Hon Speaker, Hon Deputy President, Ministers and Deputy Ministers present here, hon members, as we introduce the debate on the proposed budget framework for 2013, we do so consciously aware that the global economic environment remains uncertain, with most countries facing a common threat of challenges with specific grievances that differ and vary from country to country.
Most emerging economies today suffer from a common economic deficit and the confluence of external or exogenous factors and internal or domestic economic challenges that are characterised by slow growth, unemployment, poverty and inequality between the rich and the poor.
It is this growing social distance that undermines global social cohesion and that undermines the ability of nations to attain social cohesion and overcome economic barriers. Communities need to be assisted to overcome social and economic barriers in order to achieve this social cohesion that we talk about. Labour needs skills to function in a global economic environment, but it also needs leadership to champion and protect their interests on the factory floor. Governments, the world over, need policies to combat the triple challenge of an economic system that continues to produce youth unemployment, poverty and inequality.
While we understand the extent that the external challenges impose on many developing nations, resulting in the failure of developed economies particularly in the USA and Europe, the challenges are underpinned by our unique circumstances, in our case the confluence of both exogenous and endogenous factors.

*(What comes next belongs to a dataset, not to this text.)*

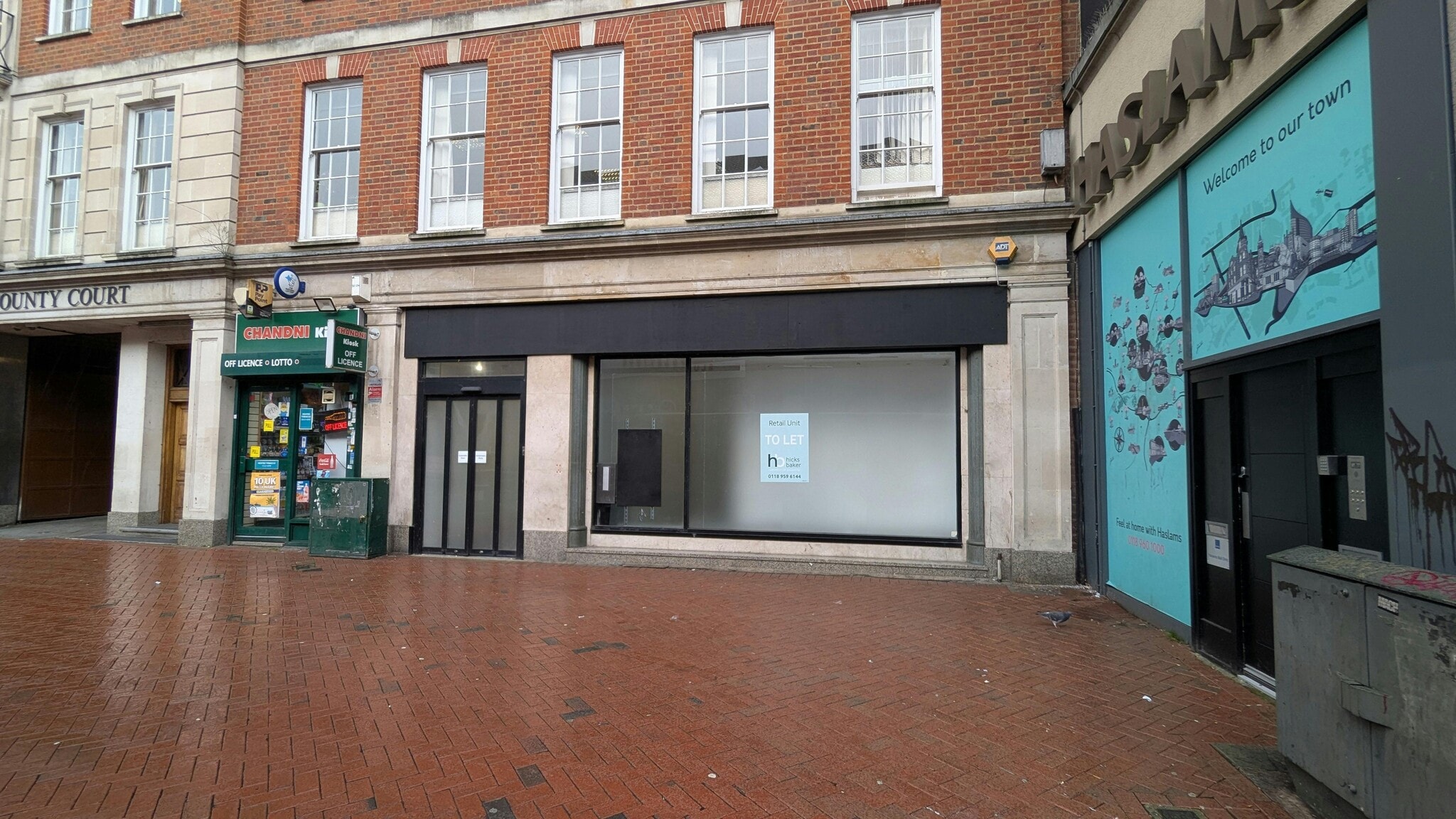 160 Friar St, Reading à louer Photo de l’immeuble– Image 1 sur 2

The recently released 2011 Census results aptly depict or capture the challenges we have to grapple with and respond to in this Medium-Term Budget Policy Framework. The Census results tell us a story - a journey we have traversed and travelled as a people to advance the nation for it to have a just, fair and equitable economic system in order to create a nonracial, democratic and prosperous society.
Census 2011, again, tells us a story of an economic system that is less efficient in the redistribution of wealth, an economic system that has failed the majority of our people ...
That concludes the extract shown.